Image-caption web data

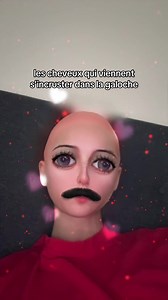 Cheveux Incrustés dans la Galoche : Un Problème Courant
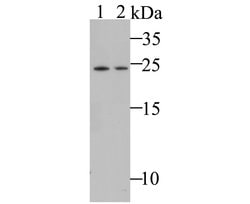 Invitrogen MAD3 Recombinant Rabbit Monoclonal Antibody (JE48-14) 100 &mu;L | Buy Online | Invitrogen&trade; | Fisher Scientific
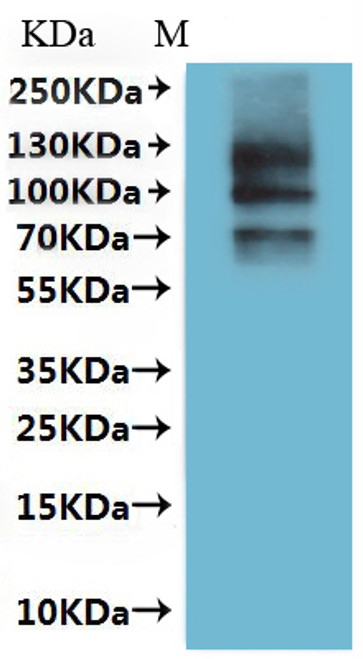 Recombinant Dog Transient receptor potential cation channel subfamily V member 6 (TRPV6)-VLPs (CSB-MP5879DO(A4))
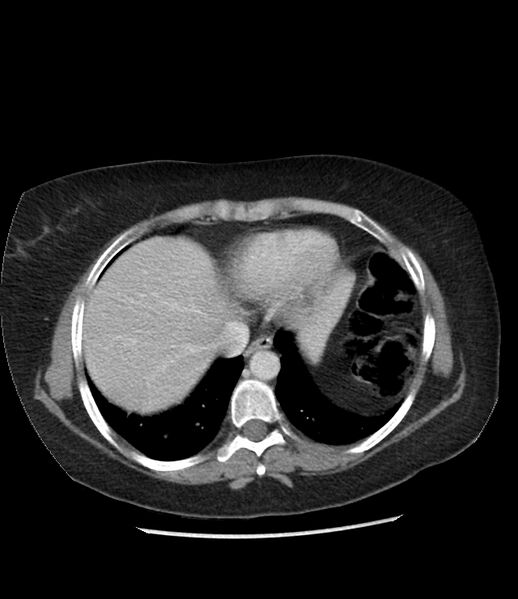 File:Adrenal cortical carcinoma with IVC invasion and thrombosis (Radiopaedia 34307-35597 Axial C+ portal venous phase 9).jpg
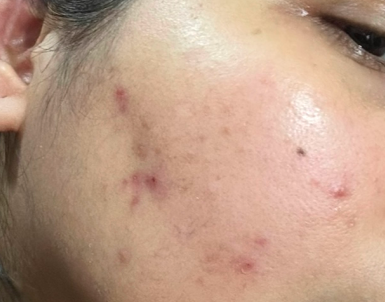 Before skin condition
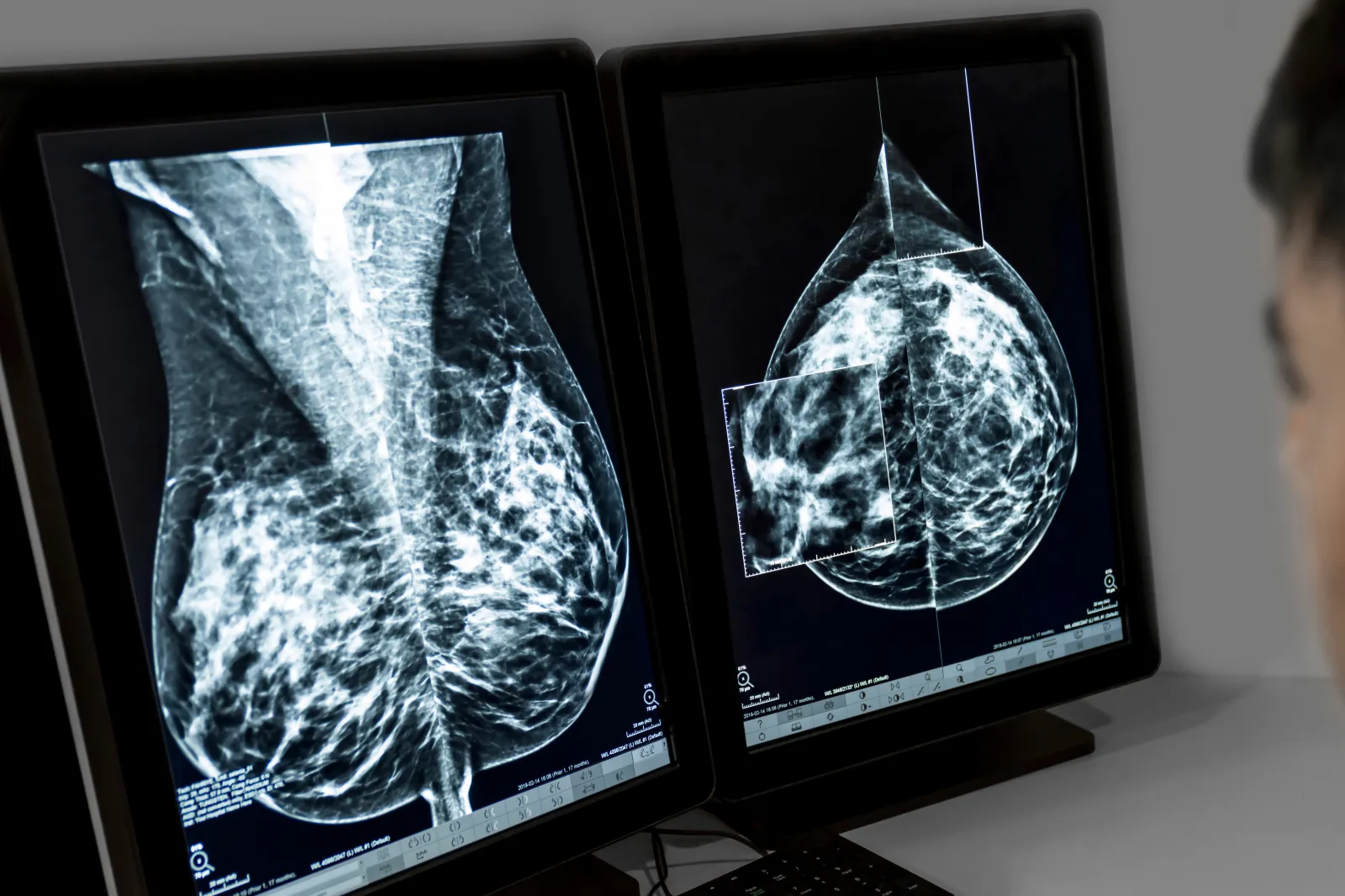 New Breast Cancer Test Spots Hidden Pattern Linked to Survival Chances 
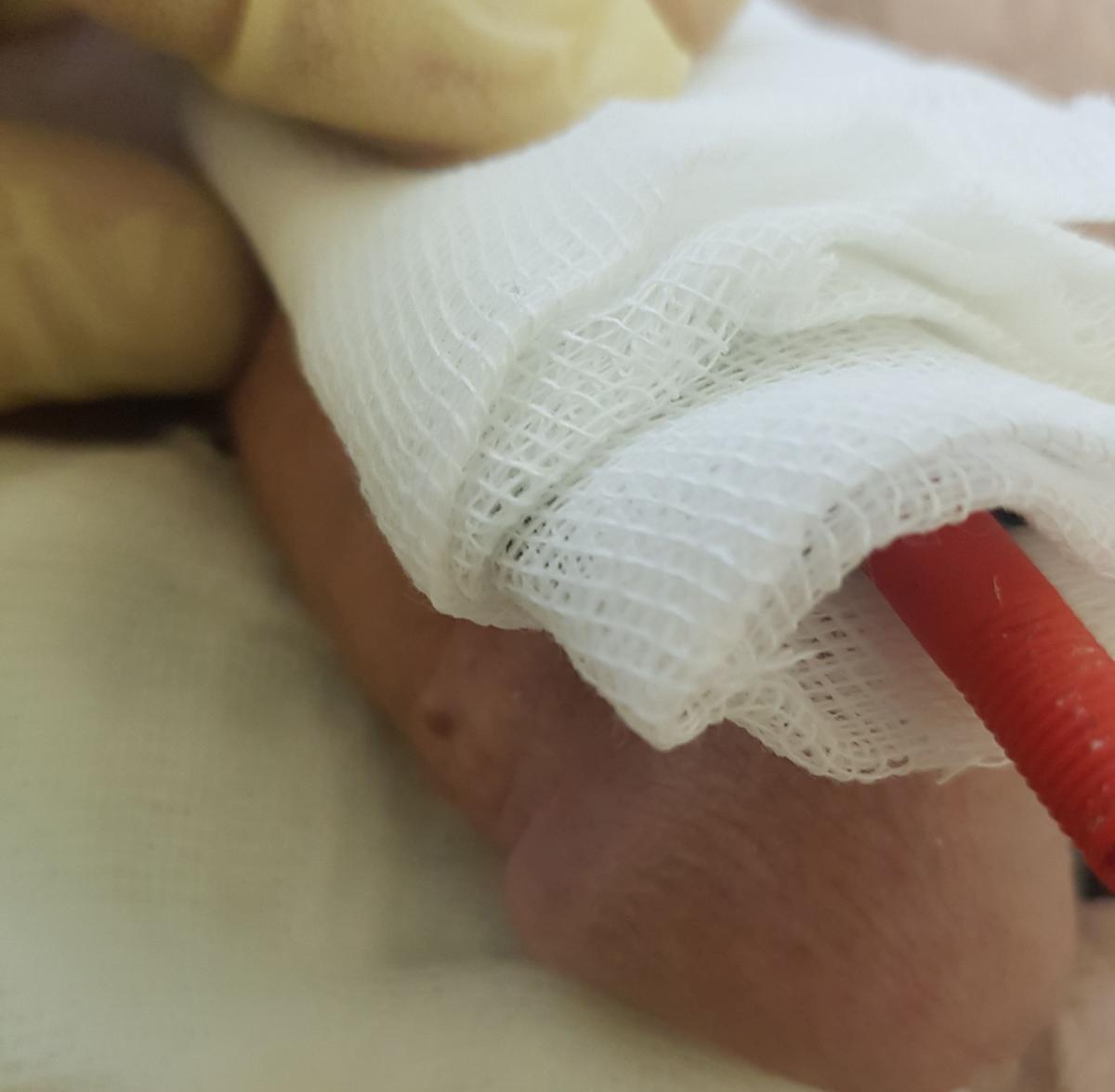 электрофорез препаратов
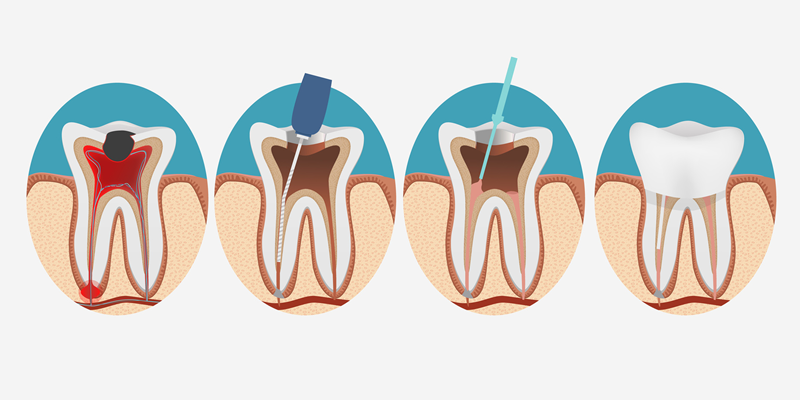 ENDODONCIA (TRATAMIENTO DE CONDUCTOS) ENDODONCIA (TRATAMIENTO DE CONDUCTOS)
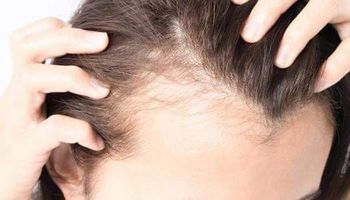 وصفات لإنبات الشعر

YOUR GOAL
Retype every entry exactly as written. Leave the pictures out.

RESPONSE AREA
 Cheveux Incrustés dans la Galoche : Un Problème Courant
 Invitrogen MAD3 Recombinant Rabbit Monoclonal Antibody (JE48-14) 100 &mu;L | Buy Online | Invitrogen&trade; | Fisher Scientific
 Recombinant Dog Transient receptor potential cation channel subfamily V member 6 (TRPV6)-VLPs (CSB-MP5879DO(A4))
 File:Adrenal cortical carcinoma with IVC invasion and thrombosis (Radiopaedia 34307-35597 Axial C+ portal venous phase 9).jpg
 Before skin condition
 New Breast Cancer Test Spots Hidden Pattern Linked to Survival Chances 
 электрофорез препаратов
 ENDODONCIA (TRATAMIENTO DE CONDUCTOS) ENDODONCIA (TRATAMIENTO DE CONDUCTOS)
 وصفات لإنبات الشعر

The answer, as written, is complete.